A lo largo de su extenso e intenso mandato, Chávez acudió recurrentemente al diálogo: con lo militares, con los empresarios, con los estudiantes, con los trabajadores, con la “oposición apátrida” y hasta con los “gringos de mierda”. Y en cada uno impuso su estilo. A los militares les dijo que tenían libertad para exponer sus puntos de vista, que quería escuchar sus quejas y propuestas. Los oficiales que se atrevieron fueron dados de baja, hechos presos o relevados de su mando y confinados en sus casas; a los empresarios no los dejó hablar, sino que abiertamente los insultó y les “aconsejó” que se cuidaran de la cárcel y que les haría bien andar en vehículos blindados. El diálogo con los obreros y con los militantes de su partido no fue distinto. Les dijo todo lo que querían oír y los alentó a que escogieran de manera directa y secreta a la directiva del partido unitario, que ya anunciaba como “único”, que había organizado Jorge Rodríguez Gómez por petición suya.

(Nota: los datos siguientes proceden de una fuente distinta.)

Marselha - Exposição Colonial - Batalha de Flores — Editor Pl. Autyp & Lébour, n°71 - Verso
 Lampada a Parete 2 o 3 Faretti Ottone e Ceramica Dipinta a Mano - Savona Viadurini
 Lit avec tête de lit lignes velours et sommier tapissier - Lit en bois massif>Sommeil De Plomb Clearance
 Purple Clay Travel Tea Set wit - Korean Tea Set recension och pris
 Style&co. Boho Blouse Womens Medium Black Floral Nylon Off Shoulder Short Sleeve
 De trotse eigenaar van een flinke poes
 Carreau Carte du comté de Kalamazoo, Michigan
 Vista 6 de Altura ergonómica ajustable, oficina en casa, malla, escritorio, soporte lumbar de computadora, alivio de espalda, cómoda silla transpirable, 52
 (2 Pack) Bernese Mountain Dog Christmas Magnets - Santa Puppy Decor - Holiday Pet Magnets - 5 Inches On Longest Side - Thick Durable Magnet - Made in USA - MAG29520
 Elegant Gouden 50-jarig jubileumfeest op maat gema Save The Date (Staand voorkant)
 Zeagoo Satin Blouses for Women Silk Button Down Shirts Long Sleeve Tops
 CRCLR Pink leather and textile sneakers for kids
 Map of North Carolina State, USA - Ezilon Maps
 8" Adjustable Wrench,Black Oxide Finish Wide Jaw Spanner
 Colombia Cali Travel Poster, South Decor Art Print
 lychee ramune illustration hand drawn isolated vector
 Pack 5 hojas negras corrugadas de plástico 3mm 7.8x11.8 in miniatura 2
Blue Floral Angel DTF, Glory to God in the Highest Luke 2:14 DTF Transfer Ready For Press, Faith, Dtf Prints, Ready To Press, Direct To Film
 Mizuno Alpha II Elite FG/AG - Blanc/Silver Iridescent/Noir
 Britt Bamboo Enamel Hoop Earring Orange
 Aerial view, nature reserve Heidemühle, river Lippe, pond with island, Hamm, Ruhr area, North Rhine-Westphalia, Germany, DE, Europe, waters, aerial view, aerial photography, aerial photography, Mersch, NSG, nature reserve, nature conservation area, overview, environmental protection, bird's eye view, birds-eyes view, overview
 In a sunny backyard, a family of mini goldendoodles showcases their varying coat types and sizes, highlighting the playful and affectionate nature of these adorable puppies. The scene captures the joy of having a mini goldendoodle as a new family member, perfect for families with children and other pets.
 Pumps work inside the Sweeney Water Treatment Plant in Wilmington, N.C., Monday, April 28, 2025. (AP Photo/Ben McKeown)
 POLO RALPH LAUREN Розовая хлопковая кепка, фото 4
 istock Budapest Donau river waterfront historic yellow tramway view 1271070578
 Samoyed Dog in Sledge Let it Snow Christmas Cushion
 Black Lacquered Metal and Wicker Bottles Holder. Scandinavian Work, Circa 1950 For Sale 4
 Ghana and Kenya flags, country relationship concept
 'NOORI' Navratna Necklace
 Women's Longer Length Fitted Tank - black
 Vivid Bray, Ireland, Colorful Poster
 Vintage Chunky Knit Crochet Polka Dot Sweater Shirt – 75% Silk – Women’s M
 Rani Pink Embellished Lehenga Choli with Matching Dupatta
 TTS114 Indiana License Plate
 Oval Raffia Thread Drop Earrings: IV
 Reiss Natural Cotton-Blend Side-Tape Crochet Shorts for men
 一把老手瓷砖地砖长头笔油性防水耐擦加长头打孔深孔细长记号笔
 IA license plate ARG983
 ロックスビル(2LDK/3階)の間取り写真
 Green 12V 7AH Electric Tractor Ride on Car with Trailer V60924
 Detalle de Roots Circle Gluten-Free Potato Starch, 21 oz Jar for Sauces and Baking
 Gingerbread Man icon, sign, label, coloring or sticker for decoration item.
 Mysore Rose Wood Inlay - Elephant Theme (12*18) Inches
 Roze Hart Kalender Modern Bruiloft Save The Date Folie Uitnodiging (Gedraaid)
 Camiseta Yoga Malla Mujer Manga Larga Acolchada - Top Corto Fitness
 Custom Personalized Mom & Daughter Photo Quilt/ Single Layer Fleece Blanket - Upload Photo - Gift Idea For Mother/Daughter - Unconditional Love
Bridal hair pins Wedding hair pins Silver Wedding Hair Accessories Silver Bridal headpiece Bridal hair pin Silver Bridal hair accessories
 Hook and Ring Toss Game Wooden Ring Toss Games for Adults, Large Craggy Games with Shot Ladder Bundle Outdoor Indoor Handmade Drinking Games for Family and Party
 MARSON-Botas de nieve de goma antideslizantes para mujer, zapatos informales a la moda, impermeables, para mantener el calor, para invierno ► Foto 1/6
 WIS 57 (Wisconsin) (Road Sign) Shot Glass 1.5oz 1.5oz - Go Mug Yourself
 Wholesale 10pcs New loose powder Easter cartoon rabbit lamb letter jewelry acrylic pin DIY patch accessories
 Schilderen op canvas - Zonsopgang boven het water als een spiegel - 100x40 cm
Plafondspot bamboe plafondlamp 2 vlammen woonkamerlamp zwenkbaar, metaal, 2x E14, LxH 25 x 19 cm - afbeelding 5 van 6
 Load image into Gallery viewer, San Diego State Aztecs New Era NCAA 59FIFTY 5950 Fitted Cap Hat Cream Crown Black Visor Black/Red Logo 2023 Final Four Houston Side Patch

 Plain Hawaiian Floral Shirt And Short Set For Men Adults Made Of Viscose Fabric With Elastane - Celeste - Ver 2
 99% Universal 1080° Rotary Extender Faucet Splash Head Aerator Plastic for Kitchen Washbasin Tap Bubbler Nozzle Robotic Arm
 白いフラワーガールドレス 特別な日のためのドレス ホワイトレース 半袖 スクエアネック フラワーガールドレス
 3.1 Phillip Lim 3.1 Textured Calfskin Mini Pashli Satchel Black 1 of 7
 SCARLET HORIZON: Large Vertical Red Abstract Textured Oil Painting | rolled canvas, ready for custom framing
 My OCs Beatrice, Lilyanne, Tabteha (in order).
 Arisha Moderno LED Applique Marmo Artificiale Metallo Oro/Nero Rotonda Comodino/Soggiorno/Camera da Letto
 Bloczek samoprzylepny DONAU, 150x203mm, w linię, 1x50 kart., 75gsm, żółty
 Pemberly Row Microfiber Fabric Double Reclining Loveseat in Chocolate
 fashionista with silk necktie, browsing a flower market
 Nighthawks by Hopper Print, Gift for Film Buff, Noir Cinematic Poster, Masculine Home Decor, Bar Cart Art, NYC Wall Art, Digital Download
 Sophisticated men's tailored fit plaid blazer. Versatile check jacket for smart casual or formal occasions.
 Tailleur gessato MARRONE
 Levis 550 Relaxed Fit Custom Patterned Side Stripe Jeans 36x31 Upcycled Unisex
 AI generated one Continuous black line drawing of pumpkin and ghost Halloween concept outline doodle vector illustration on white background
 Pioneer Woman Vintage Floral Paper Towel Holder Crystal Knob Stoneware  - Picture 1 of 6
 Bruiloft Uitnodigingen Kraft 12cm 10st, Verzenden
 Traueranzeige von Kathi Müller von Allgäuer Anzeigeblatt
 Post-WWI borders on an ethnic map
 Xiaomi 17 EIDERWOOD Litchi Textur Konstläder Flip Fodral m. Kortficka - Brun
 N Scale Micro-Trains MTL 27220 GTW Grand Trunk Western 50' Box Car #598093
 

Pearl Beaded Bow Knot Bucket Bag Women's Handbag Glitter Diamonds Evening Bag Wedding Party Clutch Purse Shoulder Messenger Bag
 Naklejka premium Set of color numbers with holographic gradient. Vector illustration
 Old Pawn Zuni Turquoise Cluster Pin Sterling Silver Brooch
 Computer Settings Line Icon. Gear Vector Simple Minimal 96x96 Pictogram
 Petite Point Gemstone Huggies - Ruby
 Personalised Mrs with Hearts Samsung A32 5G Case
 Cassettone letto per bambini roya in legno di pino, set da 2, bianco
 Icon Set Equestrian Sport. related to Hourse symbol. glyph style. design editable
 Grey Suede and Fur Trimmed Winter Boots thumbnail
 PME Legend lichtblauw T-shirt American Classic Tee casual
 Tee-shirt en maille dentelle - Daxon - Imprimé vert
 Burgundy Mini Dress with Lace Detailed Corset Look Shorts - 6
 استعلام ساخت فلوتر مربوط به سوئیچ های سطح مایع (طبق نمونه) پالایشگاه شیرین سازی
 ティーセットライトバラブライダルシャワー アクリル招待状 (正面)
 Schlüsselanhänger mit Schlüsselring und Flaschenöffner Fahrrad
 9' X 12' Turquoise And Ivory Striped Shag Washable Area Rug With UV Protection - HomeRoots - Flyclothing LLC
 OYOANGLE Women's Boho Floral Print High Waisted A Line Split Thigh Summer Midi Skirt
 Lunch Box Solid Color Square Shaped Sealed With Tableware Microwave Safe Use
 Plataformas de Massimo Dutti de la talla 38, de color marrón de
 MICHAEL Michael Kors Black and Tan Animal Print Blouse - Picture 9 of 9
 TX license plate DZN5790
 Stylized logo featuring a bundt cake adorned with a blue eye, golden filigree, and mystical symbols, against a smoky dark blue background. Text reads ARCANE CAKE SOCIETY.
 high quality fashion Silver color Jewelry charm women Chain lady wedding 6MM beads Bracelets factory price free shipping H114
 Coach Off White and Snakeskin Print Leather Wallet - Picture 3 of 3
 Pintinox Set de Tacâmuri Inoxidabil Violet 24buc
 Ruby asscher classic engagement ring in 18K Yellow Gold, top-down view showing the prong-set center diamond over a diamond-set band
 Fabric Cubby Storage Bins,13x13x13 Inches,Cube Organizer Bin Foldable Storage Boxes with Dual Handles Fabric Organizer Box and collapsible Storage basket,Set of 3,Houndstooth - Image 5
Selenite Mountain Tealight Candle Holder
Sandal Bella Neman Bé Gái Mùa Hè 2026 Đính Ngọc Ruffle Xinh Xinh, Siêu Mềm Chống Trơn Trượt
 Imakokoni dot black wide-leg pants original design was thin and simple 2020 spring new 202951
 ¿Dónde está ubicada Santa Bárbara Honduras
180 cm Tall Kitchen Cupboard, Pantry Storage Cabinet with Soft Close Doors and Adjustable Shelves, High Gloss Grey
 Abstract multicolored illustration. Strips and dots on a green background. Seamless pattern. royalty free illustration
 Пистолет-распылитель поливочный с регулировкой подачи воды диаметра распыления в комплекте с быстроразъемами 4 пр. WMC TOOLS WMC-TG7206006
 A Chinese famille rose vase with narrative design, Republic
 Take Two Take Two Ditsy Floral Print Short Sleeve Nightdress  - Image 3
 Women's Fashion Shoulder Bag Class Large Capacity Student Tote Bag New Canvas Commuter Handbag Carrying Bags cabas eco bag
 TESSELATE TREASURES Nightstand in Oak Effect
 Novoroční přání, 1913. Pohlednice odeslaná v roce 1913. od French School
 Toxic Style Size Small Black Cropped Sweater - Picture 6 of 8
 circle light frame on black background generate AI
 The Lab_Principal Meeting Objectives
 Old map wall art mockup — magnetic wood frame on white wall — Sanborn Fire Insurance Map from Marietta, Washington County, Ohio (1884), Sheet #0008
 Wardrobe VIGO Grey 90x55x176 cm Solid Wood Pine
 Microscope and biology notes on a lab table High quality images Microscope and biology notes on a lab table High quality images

Emocionados, militantes y simpatizantes acudieron a elegir sus líderes, pero después de conocer los resultados cuando el “máximo líder” anunció que se reservaba el derecho a veto y a nombrar casi dos tercios de las autoridades partidistas. Así, los que obtuvieron más votos de la militancia fueron colocados en puestos decorativos, mientras que los hombres de Chávez –como Diosdado Cabello, uno de los que obtuvo menos sufragios–eran colocados en los puestos ejecutivos clave. Nunca más hubo elecciones.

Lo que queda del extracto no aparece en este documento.